REQUIREMENT
From the first line to the last, transcribe the data exactly and skip the pictures.

(EXERCISE MATERIAL)

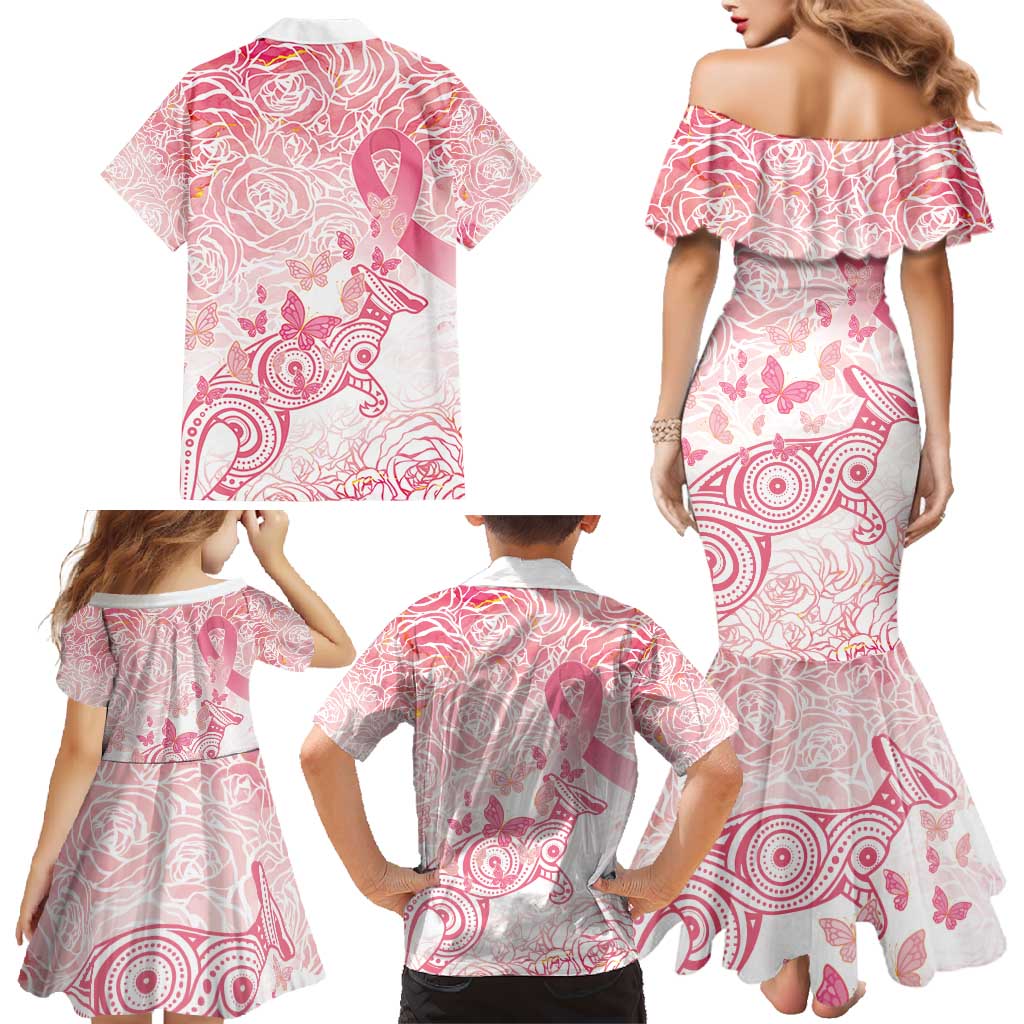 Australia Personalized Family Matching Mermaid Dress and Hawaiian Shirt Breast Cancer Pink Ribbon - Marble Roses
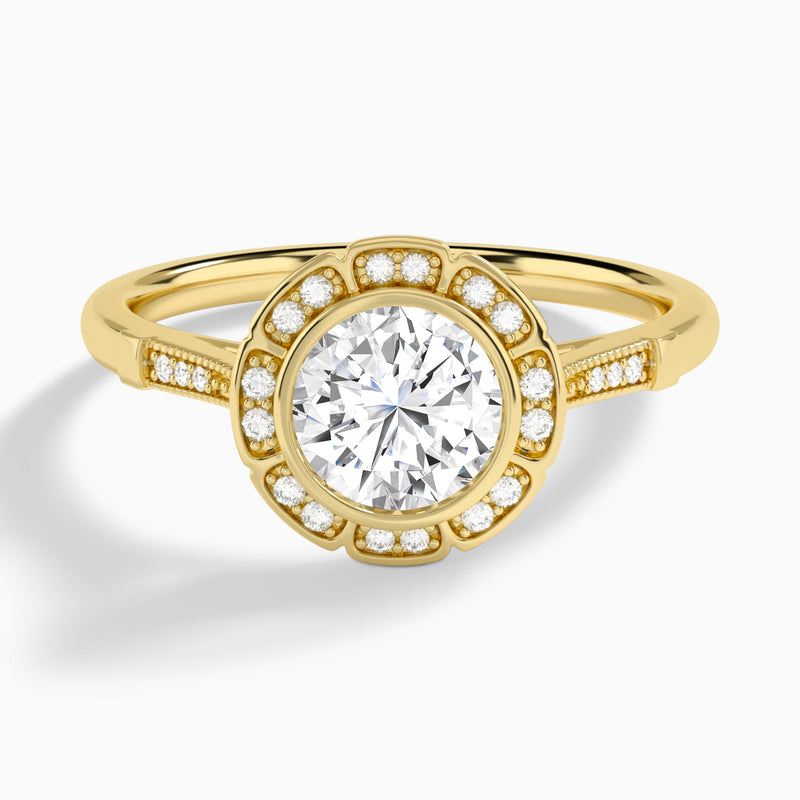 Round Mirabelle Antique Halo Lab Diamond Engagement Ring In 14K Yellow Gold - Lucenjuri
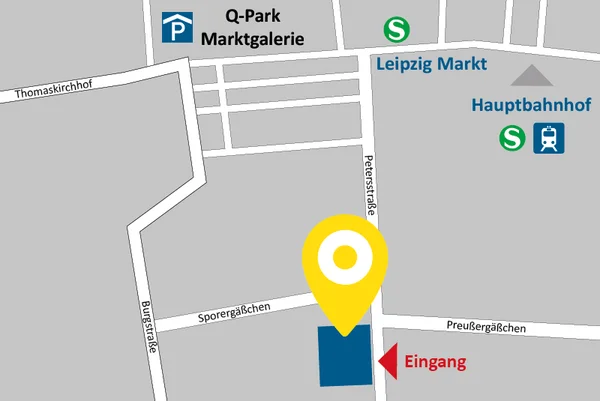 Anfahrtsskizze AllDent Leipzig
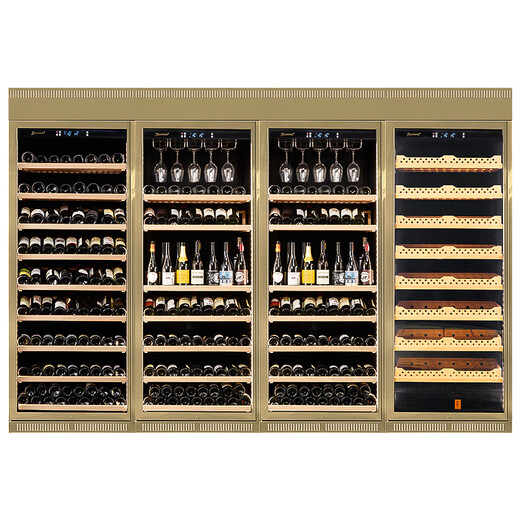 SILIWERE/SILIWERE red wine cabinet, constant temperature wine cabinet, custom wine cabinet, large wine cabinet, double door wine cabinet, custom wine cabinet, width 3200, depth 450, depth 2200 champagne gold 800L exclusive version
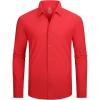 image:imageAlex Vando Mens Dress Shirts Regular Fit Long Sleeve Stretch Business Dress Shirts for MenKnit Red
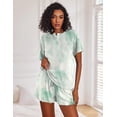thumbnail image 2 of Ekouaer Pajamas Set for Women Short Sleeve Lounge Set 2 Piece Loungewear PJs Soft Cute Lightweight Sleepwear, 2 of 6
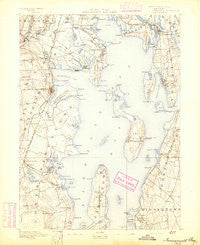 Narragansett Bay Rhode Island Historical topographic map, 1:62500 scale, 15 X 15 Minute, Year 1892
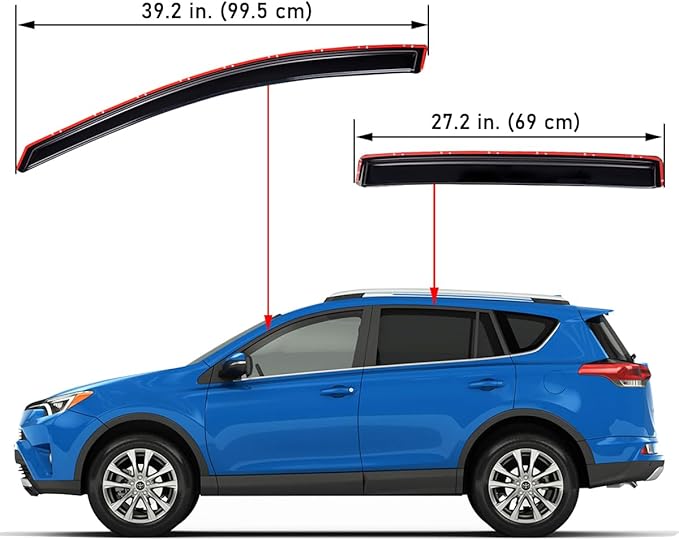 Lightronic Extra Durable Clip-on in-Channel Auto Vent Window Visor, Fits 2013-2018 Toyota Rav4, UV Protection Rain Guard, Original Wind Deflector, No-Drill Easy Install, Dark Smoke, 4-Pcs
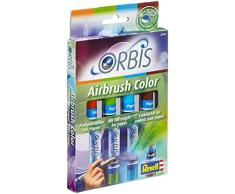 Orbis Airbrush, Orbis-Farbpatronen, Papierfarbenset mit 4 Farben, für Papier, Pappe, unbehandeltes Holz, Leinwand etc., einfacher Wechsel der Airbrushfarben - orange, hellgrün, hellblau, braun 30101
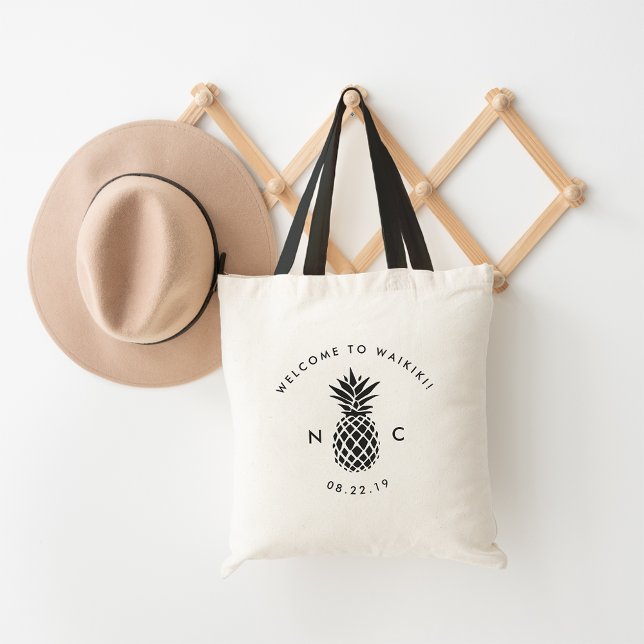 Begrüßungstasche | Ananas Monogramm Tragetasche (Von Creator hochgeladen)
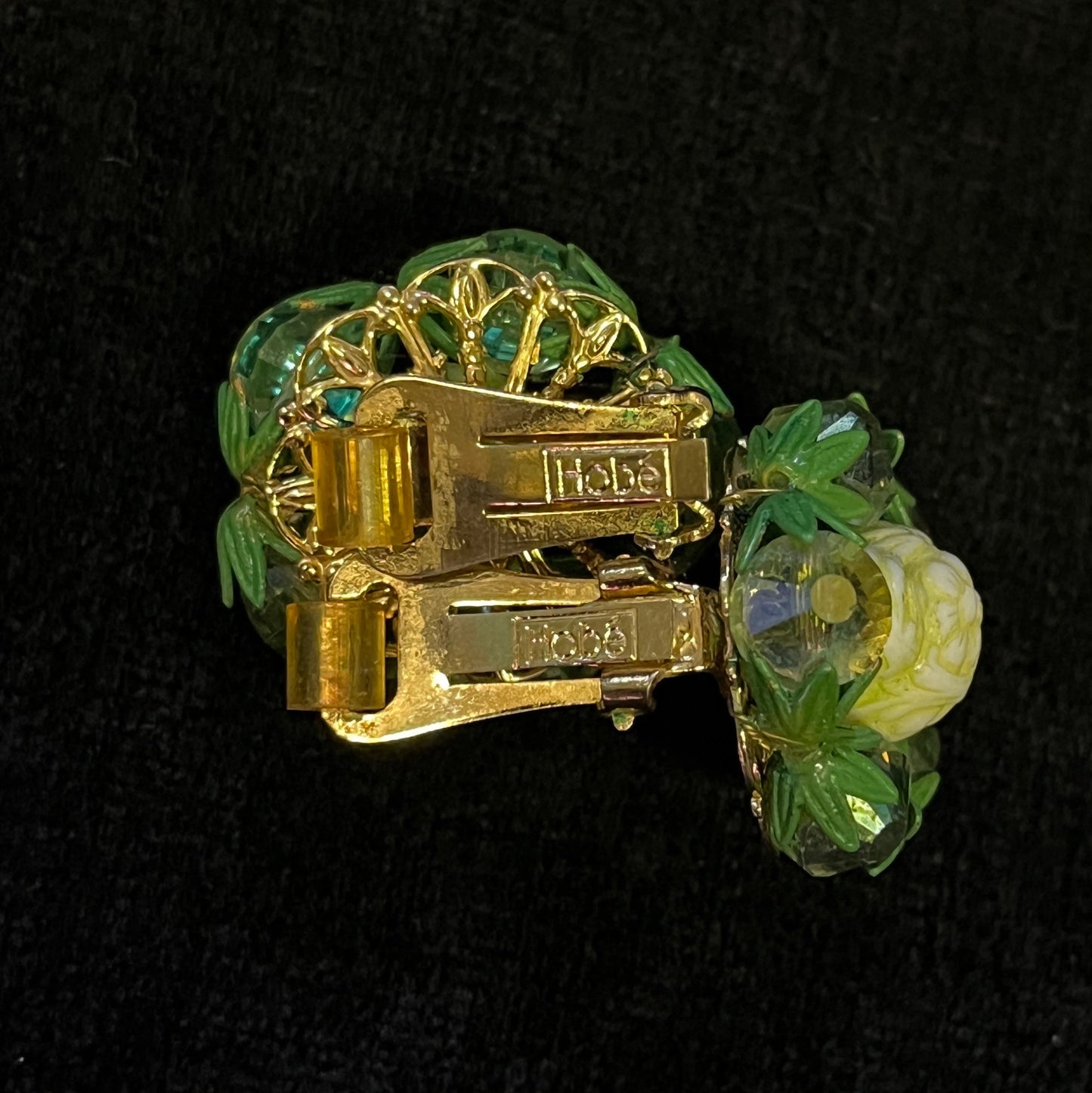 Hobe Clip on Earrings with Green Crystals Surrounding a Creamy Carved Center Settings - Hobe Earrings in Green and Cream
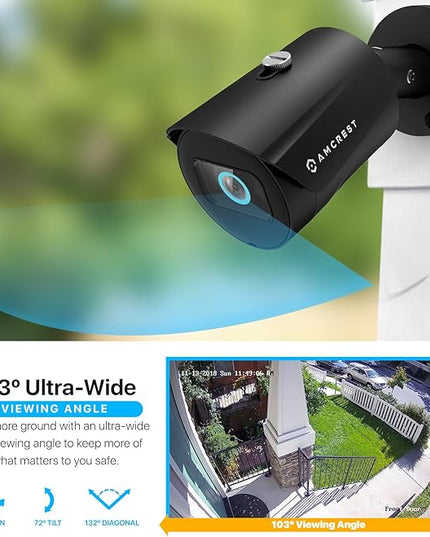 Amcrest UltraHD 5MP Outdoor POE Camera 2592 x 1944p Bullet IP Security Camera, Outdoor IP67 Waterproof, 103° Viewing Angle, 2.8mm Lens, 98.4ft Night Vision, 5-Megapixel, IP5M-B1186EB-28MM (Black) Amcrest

(End EXERCISE MATERIAL)

TASK ANSWER
 Australia Personalized Family Matching Mermaid Dress and Hawaiian Shirt Breast Cancer Pink Ribbon - Marble Roses
 Round Mirabelle Antique Halo Lab Diamond Engagement Ring In 14K Yellow Gold - Lucenjuri
 Anfahrtsskizze AllDent Leipzig
 SILIWERE/SILIWERE red wine cabinet, constant temperature wine cabinet, custom wine cabinet, large wine cabinet, double door wine cabinet, custom wine cabinet, width 3200, depth 450, depth 2200 champagne gold 800L exclusive version
 image:imageAlex Vando Mens Dress Shirts Regular Fit Long Sleeve Stretch Business Dress Shirts for MenKnit Red
thumbnail image 2 of Ekouaer Pajamas Set for Women Short Sleeve Lounge Set 2 Piece Loungewear PJs Soft Cute Lightweight Sleepwear, 2 of 6
 Narragansett Bay Rhode Island Historical topographic map, 1:62500 scale, 15 X 15 Minute, Year 1892
 Lightronic Extra Durable Clip-on in-Channel Auto Vent Window Visor, Fits 2013-2018 Toyota Rav4, UV Protection Rain Guard, Original Wind Deflector, No-Drill Easy Install, Dark Smoke, 4-Pcs
 Orbis Airbrush, Orbis-Farbpatronen, Papierfarbenset mit 4 Farben, für Papier, Pappe, unbehandeltes Holz, Leinwand etc., einfacher Wechsel der Airbrushfarben - orange, hellgrün, hellblau, braun 30101
 Begrüßungstasche | Ananas Monogramm Tragetasche (Von Creator hochgeladen)
 Hobe Clip on Earrings with Green Crystals Surrounding a Creamy Carved Center Settings - Hobe Earrings in Green and Cream
 Amcrest UltraHD 5MP Outdoor POE Camera 2592 x 1944p Bullet IP Security Camera, Outdoor IP67 Waterproof, 103° Viewing Angle, 2.8mm Lens, 98.4ft Night Vision, 5-Megapixel, IP5M-B1186EB-28MM (Black) Amcrest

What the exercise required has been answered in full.